Region of interest (ROI) selection
The process of ROI selection for the 3-dimensional platform (Healthmyne) is as follows. First, the CT scan of interest is opened in the platform. The index slice at the level at the largest overall transverse tumor diameter is identified. The tumor is traced at this level with care to maintain the outer margins of the ROI just within the boundaries of the tumor. Once the single-slice ROI has been traced, automatic segmentation is performed. During automatic segmentation, the entire volume of tumor as seen on cross-sectional CT imaging is automatically segmented by the platform. Following automatic segmentation, the user must manually refine the tumor boundaries in order to ensure non-tumor tissues are excluded from analysis. Once correct tumor margins have been verified, the radiomics metrics are extracted. All segmentations were created by a trained medical student under the direct supervision of a fellowship trained abdominal radiologist with 11 years of experience.
Data processing and cleaning
As discussed above in Radiomics Platform section, an initial pass was made through the data with manual exclusion of categories that were not extracting meaningful image data (coordinates, etc.). The data extracted from the CT scans were to the best of our knowledge and resources available, and had some missing data. To avoid data loss, we used different imputation methods to fit the data. As we were aware of no advantages to more complex methods, when imputation was needed for a method we chose a simple imputation scheme of replacing data for a component in a feature by the mean of values of other features, making use of the SimpleImputer package available in scikit-learn [39]. We made sure that no data leakage occurred in fitting of the data by performing imputation on the training data and transforming the test data before prediction. For machine learning methods with built in imputation schemes we used those schemes.
Data visualization
Before developing any model, we try to get an estimate of the data distribution and analyze if there is a clear and evident margin of classification. We visualized our data to understand the distribution over both the classes on a 2-dimensional plot using t-SNE (t-distributed Stochastic Neighbor Embedding). This is a non-linear technique used for dimensionality reduction of high dimensional data and is widely used for cancer detection applications. The data were imputed and normalized before transforming to 2-dimensional data. The t-SNE plots are shown in the Results section.
Machine learning analysis
The goal of our model was to evaluate for association between high nuclear grade (grade 3–4) and imaging features in our first cohort and between presence/amount of sarcomatoid features and imaging features in our second cohort. For the purpose of our study, we tested our model with gradient boosted trees (implemented in XGBoost (XGB), and Random Forest (RF) and Support Vector Machine (SVM) (implements in Scikit-learn [39]). The Scikit-learn implementations of RF and SVM do not allow for missing data while XGB has a built in imputation scheme. Therefore, we have used data imputation (see Sec. Data Processing and Cleaning) on training data for SVM and RF during model development. The performance of the models were evaluated on six metrics.
-
1.
Accuracy: This metric is the fraction of correct predictions made by the model.

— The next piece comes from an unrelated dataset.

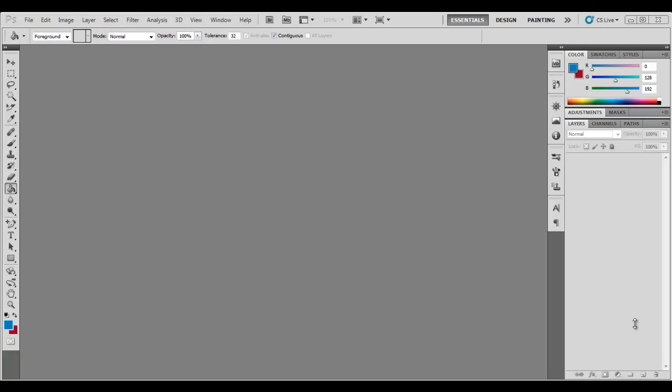Hello guys, what is up and welcome to this quick Photoshop tutorial. In this tutorial I'm going to be teaching you how to create an easy and simple gradient background really quickly. So basically what you want to do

$${\text{Accuracy}}= \frac{{\text{Number}}\; {\text{of}}\; {\text{correct}}\; {\text{predictions}} }{{\text{Total}}\; {\text{number}}\; {\text{of}}\; {\text{predictions}}}$$ -
2.
Precision: Also known as positive predictive value, this metric gives the fraction of true positive predictions among total positive predictions.
$${\text{Precision}}= \frac{{\text{True}}\; {\text{positive}}\; {\text{predictions}}}{{\text{True}}\; {\text{positive}}\; {\text{predictions}}+{\text{false}}\; {\text{positive}}\; {\text{predictions}}}$$ -
3.
Recall: Also known as sensitivity, gives the fraction of true positive predictions among actual positive elements.
$${\text{Recall}}= \frac{{\text{True}}\; {\text{positive}}\; {\text{predictions}}}{{\text{True}}\; {\text{positive}}\; {\text{predictions}}+{\text{false}}\; {\text{negative}}\; {\text{predictions}}}$$ -
4.
f1_score: This metric is a measure of test’s accuracy and is defined as the harmonic mean of precision and recall.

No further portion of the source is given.